Oxford TRIZ Blog

What are Contradictions?

Written by Karen Gadd | 11 Jun 2026

Solving contradictions delivers clever, cost effective answers to achieve everything, everyone wants banishing weak, compromise solutions.

Some problems are easy to solve especially if we want just one thing. Contradictions occur when the two connected things are in conflict, and to get both we need a different logic, and proven ways to resolve them. The unique 40 TRIZ Inventive Principles (TIPS) reveal all the ways the world knows to solve contradictions and is derived from global research into success.

Learning to seek and uncover contradictions exposes the fundamental tension at the heart of many difficult, complex challenges. Contradiction thinking helps us to avoid settling for second best, or weak solutions. The Contradiction toolkit ensures conflicting needs are clearly identified, and then solution triggers from the 40 TRIZ Inventive Principles (TIPS) suggest the best ways to tackle them.

There are two kinds of contradiction (both solved by the 40 TIPS) the most fundamental is when we want opposites of the same feature like an umbrella - both BIG and SMALL; in TRIZ this is called a Physical Contradiction. The other is a BAD SOLUTION when making one thing better something else gets worse, solving the contradiction ensures we keep the GOOD and deal with the BAD. In TRIZ this is called a Technical Contradiction.

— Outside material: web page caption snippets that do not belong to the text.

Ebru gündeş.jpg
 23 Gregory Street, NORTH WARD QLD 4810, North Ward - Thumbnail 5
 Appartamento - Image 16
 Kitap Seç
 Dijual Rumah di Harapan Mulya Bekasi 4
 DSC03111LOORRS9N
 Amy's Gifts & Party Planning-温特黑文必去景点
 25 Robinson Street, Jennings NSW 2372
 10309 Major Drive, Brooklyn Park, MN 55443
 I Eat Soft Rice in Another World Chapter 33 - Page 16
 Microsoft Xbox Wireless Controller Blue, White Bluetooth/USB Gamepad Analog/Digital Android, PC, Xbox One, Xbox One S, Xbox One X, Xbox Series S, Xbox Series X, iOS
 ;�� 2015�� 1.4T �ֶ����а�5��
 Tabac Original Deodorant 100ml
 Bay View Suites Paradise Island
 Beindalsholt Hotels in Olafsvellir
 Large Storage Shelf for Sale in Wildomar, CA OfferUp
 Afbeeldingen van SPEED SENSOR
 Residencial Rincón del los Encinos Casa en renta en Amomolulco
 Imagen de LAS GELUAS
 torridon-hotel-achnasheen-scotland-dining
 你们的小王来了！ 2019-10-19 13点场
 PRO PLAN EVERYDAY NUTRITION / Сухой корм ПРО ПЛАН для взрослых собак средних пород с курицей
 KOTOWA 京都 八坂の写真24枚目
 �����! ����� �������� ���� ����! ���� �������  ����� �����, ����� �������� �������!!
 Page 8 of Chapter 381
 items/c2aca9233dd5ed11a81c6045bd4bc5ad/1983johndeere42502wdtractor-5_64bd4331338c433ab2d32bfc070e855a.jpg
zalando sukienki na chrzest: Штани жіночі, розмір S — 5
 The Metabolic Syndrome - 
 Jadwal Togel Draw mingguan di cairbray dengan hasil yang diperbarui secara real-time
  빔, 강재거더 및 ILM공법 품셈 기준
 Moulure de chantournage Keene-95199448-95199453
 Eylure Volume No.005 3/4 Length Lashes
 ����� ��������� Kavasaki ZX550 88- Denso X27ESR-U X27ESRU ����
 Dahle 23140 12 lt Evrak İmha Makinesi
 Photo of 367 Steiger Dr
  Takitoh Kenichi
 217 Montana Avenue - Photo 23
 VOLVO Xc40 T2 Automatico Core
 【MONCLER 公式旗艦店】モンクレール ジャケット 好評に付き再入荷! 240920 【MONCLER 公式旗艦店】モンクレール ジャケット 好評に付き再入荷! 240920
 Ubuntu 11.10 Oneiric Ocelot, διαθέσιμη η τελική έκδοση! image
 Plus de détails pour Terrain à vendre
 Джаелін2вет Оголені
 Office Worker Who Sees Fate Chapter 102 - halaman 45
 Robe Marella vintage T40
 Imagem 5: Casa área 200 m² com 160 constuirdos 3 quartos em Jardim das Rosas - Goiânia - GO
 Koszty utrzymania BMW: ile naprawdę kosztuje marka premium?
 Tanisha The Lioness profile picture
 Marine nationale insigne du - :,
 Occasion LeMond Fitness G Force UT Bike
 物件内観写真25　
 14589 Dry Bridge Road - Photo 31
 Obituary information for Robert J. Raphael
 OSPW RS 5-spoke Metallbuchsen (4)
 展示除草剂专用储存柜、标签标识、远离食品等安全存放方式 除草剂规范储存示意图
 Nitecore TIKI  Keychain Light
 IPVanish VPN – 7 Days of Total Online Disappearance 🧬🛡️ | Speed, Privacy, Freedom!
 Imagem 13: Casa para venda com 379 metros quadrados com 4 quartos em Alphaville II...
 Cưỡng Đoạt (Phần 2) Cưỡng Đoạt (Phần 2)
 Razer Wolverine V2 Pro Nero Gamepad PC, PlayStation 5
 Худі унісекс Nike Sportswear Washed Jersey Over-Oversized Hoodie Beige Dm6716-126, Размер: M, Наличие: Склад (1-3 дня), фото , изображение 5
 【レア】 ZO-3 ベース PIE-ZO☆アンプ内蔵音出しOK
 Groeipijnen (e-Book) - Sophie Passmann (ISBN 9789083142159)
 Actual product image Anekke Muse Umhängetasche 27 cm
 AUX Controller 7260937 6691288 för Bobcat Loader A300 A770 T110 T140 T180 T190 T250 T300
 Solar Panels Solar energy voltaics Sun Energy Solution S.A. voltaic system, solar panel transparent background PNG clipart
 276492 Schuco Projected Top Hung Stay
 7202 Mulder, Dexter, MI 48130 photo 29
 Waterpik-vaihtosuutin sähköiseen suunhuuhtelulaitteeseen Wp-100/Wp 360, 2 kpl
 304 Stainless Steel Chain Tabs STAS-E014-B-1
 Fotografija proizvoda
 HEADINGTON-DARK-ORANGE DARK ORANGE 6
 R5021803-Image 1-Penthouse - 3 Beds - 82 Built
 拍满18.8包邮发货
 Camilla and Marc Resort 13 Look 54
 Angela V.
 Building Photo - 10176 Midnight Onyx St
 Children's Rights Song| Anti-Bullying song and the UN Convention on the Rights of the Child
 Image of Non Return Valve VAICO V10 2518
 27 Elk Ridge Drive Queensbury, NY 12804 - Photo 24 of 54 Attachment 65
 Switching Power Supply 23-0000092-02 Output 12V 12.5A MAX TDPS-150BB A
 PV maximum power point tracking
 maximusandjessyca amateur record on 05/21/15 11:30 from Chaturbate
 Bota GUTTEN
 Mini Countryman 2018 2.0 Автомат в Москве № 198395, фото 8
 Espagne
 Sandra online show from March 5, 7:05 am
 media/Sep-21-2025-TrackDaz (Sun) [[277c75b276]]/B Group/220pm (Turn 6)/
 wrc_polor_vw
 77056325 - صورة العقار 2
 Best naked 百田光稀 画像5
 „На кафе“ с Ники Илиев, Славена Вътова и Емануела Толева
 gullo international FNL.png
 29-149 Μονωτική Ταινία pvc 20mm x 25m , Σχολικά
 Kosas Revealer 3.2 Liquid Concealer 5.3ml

Why use the Contradictions tools?

Recognising a contradiction helps when challenges feel impossible, teams sense they are stuck with a problem mess and feel pulled in opposite directions. Difficulties can arise from stakeholder conflict, cost issues, or the system requires two things that do not seem to fit together, getting what everyone wants looks impossible. Every way forward feels like a compromise or leading to an unsatisfactory outcome.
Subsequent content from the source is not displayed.